Although it might seem unlikely or counterintuitive for the US and UK to give ISIS support, the historical record demonstrates that Western regimes have used radical groups to pursue hidden geopolitical agendas.
This has been a policy that goes all the way back to WWI and the Arab Revolt that saw the fall of the Ottoman Empire and the carving up of the Middle-East by Western powers.

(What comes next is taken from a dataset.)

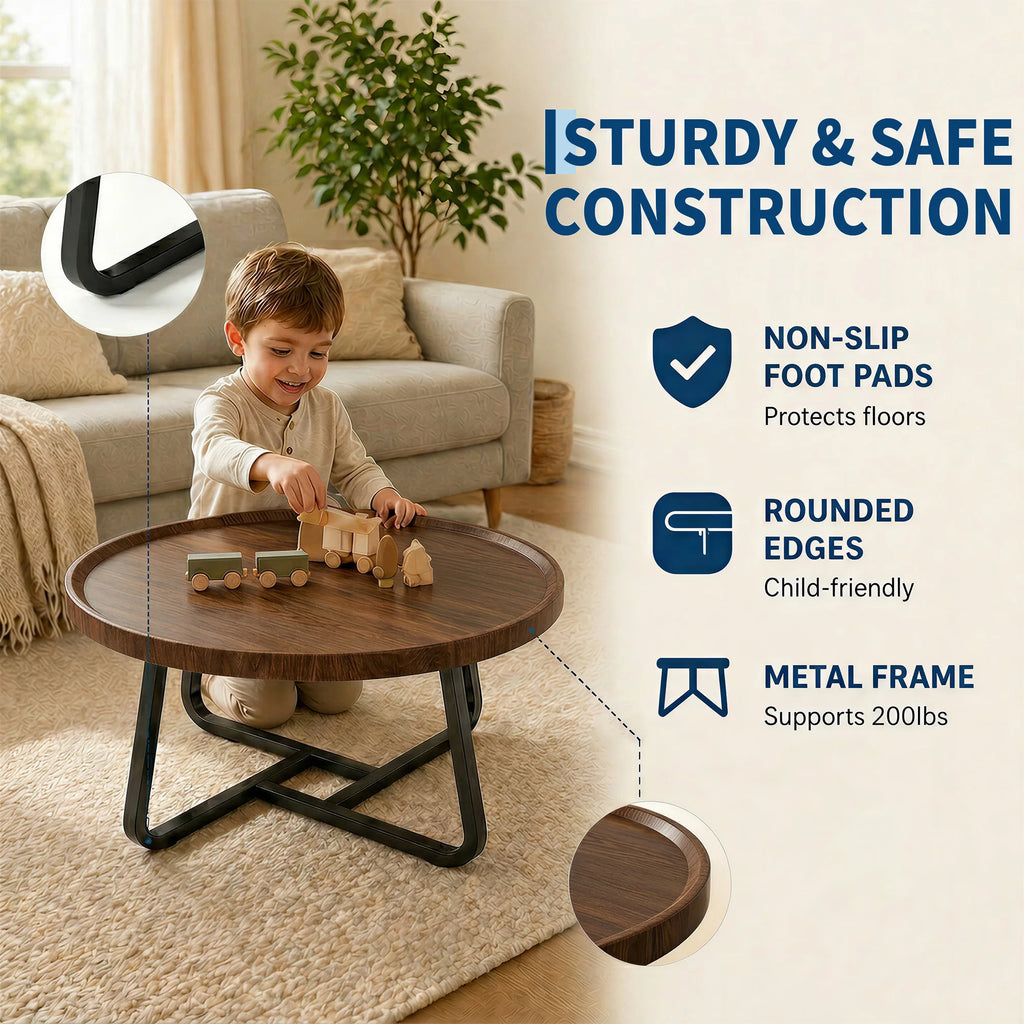 19.7" Minimalist Round Side Table | Metal Frame | Coffee, Tea & End Table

This policy was perfected, under the Brzezinski-Carter doctrine, during the war in Afghanistan in the 1970-80s; it was evident during the war in Yugoslavia with Western support for Bosnian-Muslim militants and the KLA.

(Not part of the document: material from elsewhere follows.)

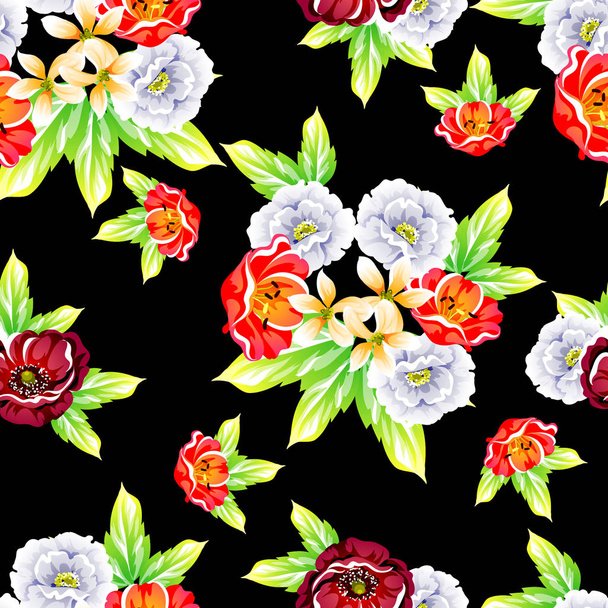 Seamless vintage style flower pattern. Floral elements in color - Vektori, kuva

More recently the CIA has been training anti-Assad fighters at military bases in Jordan and Turkey who have joined ISIS. The so-called ‘Free Syrian Army’ is essentially a façade that provides plausible deniability and limited accountability for a covert rat-line that funnels support to ISIS and associated groups.
The anti-ISIS coalition does not seek to destroy ISIS but rather to exploit it.
Here is a sample of the US foreign policy establishment’s attitude towards radical-insurgent groups such as al-Qaeda-ISIS. Ed Husain, Adjunct Senior Fellow for the Middle Eastern Studies at the US Council on Foreign Relations (CFR) writes:
The Syrian rebels would be immeasurably weaker today without al-Qaeda in their ranks. By and large, Free Syrian Army (FSA) battalions are tired, divided, chaotic, and ineffective. Feeling abandoned by the West, rebel forces are increasingly demoralized as they square off with the Assad regime’s superior weaponry and professional army. Al-Qaeda fighters, however, may help improve morale. The influx of jihadis brings discipline, religious fervor, battle experience from Iraq, funding from Sunni sympathizers in the Gulf, and most importantly, deadly results. In short, the FSA needs al-Qaeda now.
So the rebels aren’t secular Jeffersonians. As far as America is concerned, it doesn’t much matter.
I think that questioning the real motives and agenda behind the intervention to combat ISIS, which is to effectively give covert support to ISIS in the overthrow of the Assad regime, will ultimately undermine the argument for deployment.